Each week, if not every day, brings in its train another illustration of the fact that those who scrutinize us cannot abide reciprocal scrutiny. Witness the apparent demise of the "Rate My Cop" website.
Carly Kullman, a one-time police cadet, explains that Rate My Cop was to be a national database of police officers and agencies. Users would be able "to browse through their own local police department and see how their local police force stacks up" when compared to other agencies across the country. The site would deal only in publicly available information about agencies and individual officers. Each officer would be rated on the basis of three criteria: authority, fairness, and satisfaction.
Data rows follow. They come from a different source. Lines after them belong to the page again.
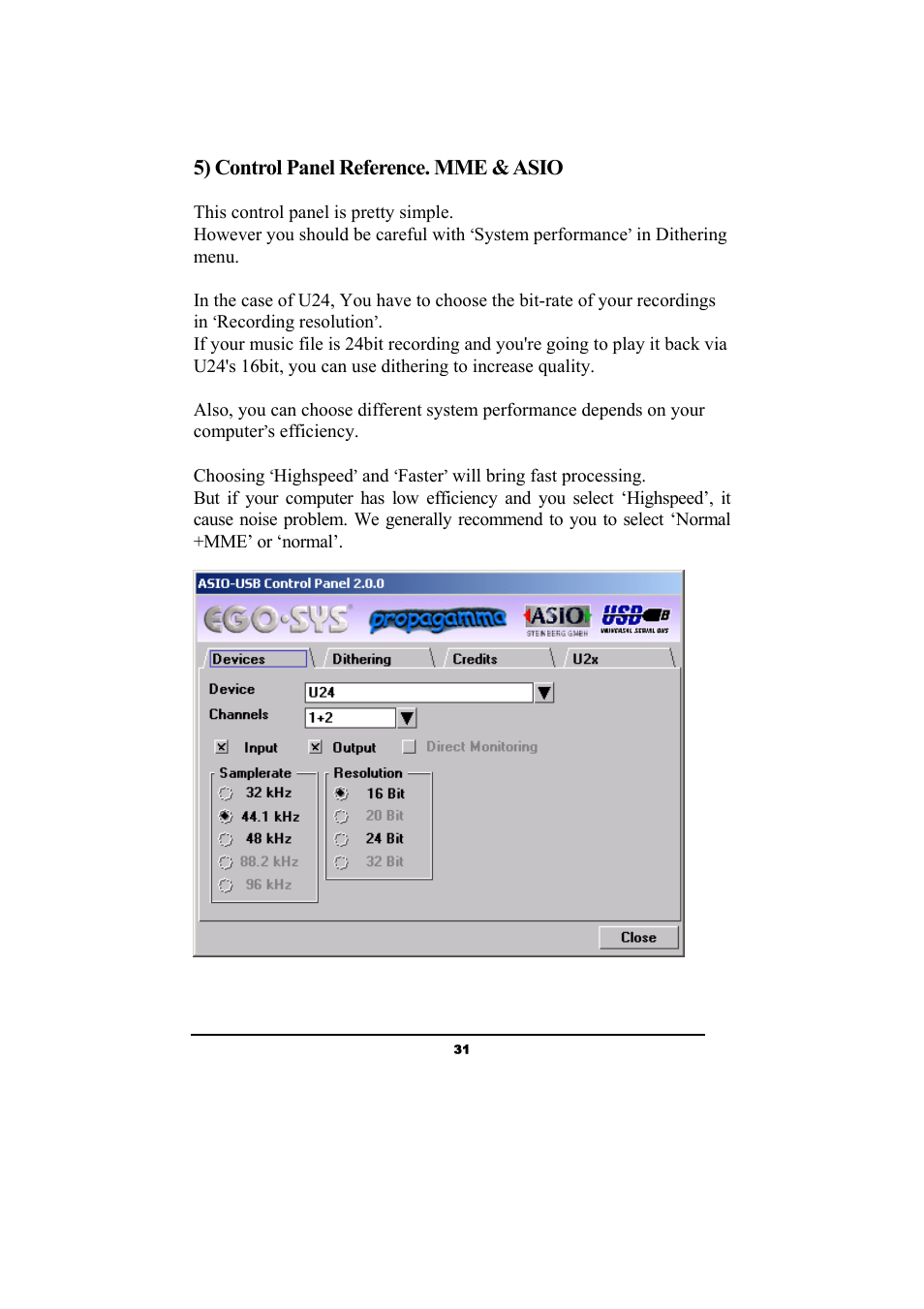 5) control panel reference. mme & asio | ESI Waveterminal U24 User Manual | Page 31 / 60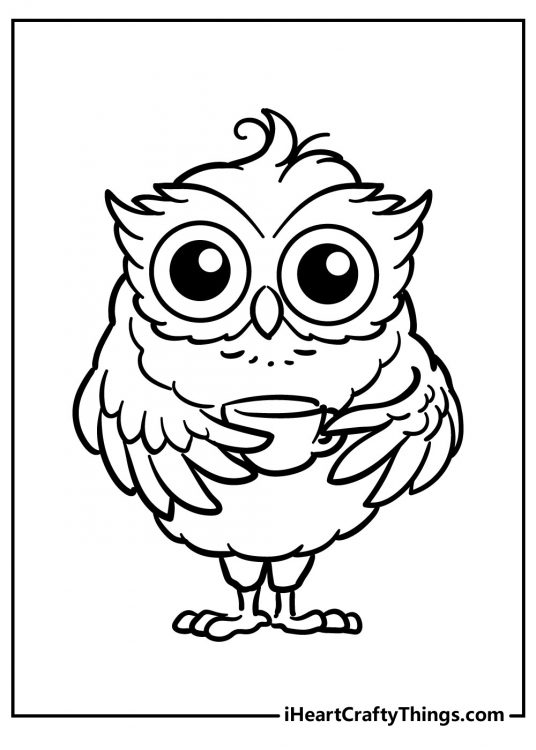 Printable card featuring cartoonish owl with wide-opened eyes sipping on a cup of coffee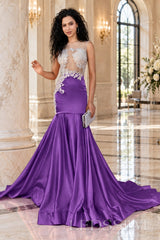 purple satin illusion sweetheart mermaid gown lace appliques chapel train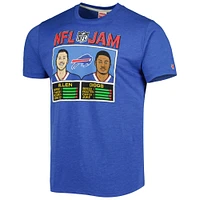 Hommage pour hommes Josh Allen et Stefon Diggs Heathered Royal Buffalo Bills NFL Jam Tri-Blend T-shirt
Rebecca Costell, a creator of Rate My Cop, said that the objective was to combat an emerging stereotype of police as abusive, violence-prone revenue hogs: "Our website's purpose is to break that stereotype that people have that cops are all bad by having officers become responsible for their actions."
[ ... ]
In unadorned terms, the last thing police want is to be accountable to the communities they're supposed to be serving. Accordingly, police unions immediately began to shriek and keen that Rate My Cop posed a threat to ...
... wait for it ...
... wait for it ...
... that's right: "Officer safety."
I've said it before: "officer safety," not protection of the law-abiding public, is the highest priority of every police department, and every effort to reform police conduct or hold police publicly accountable is condemned as a threat to the same by the professional whiners who represent police unions.